# [Task prompt]
Every line in the listing below from the one with "Speciale veiligheidsinstructies voor" through the one with "EMENTOL 33PCS Hex" is to be reproduced exactly, both ends included; leave out the rest.
● ● ● ● ● ● ●
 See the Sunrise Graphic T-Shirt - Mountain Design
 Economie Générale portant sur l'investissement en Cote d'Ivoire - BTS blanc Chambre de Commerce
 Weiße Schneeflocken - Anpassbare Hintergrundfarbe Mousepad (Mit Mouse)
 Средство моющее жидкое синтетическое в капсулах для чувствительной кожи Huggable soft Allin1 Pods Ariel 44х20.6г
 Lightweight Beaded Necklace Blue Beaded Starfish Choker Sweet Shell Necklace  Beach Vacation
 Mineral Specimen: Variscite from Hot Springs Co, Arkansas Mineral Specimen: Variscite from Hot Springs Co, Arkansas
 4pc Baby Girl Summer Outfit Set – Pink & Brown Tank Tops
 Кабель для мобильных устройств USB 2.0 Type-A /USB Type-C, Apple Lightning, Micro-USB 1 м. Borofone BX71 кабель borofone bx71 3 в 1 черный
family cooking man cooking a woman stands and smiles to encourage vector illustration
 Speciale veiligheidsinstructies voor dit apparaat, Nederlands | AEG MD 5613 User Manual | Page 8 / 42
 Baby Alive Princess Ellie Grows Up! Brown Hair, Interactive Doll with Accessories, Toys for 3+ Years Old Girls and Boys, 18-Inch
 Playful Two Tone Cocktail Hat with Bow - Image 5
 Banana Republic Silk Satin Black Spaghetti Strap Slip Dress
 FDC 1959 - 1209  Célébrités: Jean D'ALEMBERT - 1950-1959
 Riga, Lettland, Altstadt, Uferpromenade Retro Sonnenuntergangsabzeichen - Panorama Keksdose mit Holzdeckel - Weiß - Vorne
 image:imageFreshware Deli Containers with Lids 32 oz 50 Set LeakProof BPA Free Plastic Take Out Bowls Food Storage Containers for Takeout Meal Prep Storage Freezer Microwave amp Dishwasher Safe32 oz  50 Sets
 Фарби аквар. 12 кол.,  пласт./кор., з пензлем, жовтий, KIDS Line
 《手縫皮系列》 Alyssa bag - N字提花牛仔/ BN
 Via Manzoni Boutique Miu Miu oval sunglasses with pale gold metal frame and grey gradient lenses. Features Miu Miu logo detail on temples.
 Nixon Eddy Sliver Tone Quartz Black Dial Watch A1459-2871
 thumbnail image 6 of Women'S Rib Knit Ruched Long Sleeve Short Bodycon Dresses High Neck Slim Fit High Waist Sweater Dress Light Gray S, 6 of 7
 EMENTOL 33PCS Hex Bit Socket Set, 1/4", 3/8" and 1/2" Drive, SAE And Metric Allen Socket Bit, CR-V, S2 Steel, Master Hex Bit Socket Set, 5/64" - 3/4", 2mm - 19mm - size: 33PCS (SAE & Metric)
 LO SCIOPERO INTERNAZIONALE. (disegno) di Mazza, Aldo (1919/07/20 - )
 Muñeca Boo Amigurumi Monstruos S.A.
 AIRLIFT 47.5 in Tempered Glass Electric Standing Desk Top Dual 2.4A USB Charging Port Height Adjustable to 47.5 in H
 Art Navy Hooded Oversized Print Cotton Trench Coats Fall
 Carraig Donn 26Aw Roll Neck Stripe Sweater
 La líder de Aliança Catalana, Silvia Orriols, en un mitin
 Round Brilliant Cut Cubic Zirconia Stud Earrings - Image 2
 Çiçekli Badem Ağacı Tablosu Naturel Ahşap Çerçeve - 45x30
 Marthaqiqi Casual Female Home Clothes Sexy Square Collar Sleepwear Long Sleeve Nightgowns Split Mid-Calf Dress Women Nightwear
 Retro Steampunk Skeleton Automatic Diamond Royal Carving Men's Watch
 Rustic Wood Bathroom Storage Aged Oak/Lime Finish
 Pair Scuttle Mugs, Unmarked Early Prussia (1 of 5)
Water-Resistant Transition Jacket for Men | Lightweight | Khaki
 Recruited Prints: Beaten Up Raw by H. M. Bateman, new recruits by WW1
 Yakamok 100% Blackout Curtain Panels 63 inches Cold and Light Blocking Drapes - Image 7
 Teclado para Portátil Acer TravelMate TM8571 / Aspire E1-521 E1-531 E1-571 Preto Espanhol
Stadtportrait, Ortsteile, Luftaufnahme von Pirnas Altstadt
● ● ● ● ● ● ●
# [Written answer]
 Speciale veiligheidsinstructies voor dit apparaat, Nederlands | AEG MD 5613 User Manual | Page 8 / 42
 Baby Alive Princess Ellie Grows Up! Brown Hair, Interactive Doll with Accessories, Toys for 3+ Years Old Girls and Boys, 18-Inch
 Playful Two Tone Cocktail Hat with Bow - Image 5
 Banana Republic Silk Satin Black Spaghetti Strap Slip Dress
 FDC 1959 - 1209  Célébrités: Jean D'ALEMBERT - 1950-1959
 Riga, Lettland, Altstadt, Uferpromenade Retro Sonnenuntergangsabzeichen - Panorama Keksdose mit Holzdeckel - Weiß - Vorne
 image:imageFreshware Deli Containers with Lids 32 oz 50 Set LeakProof BPA Free Plastic Take Out Bowls Food Storage Containers for Takeout Meal Prep Storage Freezer Microwave amp Dishwasher Safe32 oz  50 Sets
 Фарби аквар. 12 кол.,  пласт./кор., з пензлем, жовтий, KIDS Line
 《手縫皮系列》 Alyssa bag - N字提花牛仔/ BN
 Via Manzoni Boutique Miu Miu oval sunglasses with pale gold metal frame and grey gradient lenses. Features Miu Miu logo detail on temples.
 Nixon Eddy Sliver Tone Quartz Black Dial Watch A1459-2871
 thumbnail image 6 of Women'S Rib Knit Ruched Long Sleeve Short Bodycon Dresses High Neck Slim Fit High Waist Sweater Dress Light Gray S, 6 of 7
 EMENTOL 33PCS Hex Bit Socket Set, 1/4", 3/8" and 1/2" Drive, SAE And Metric Allen Socket Bit, CR-V, S2 Steel, Master Hex Bit Socket Set, 5/64" - 3/4", 2mm - 19mm - size: 33PCS (SAE & Metric)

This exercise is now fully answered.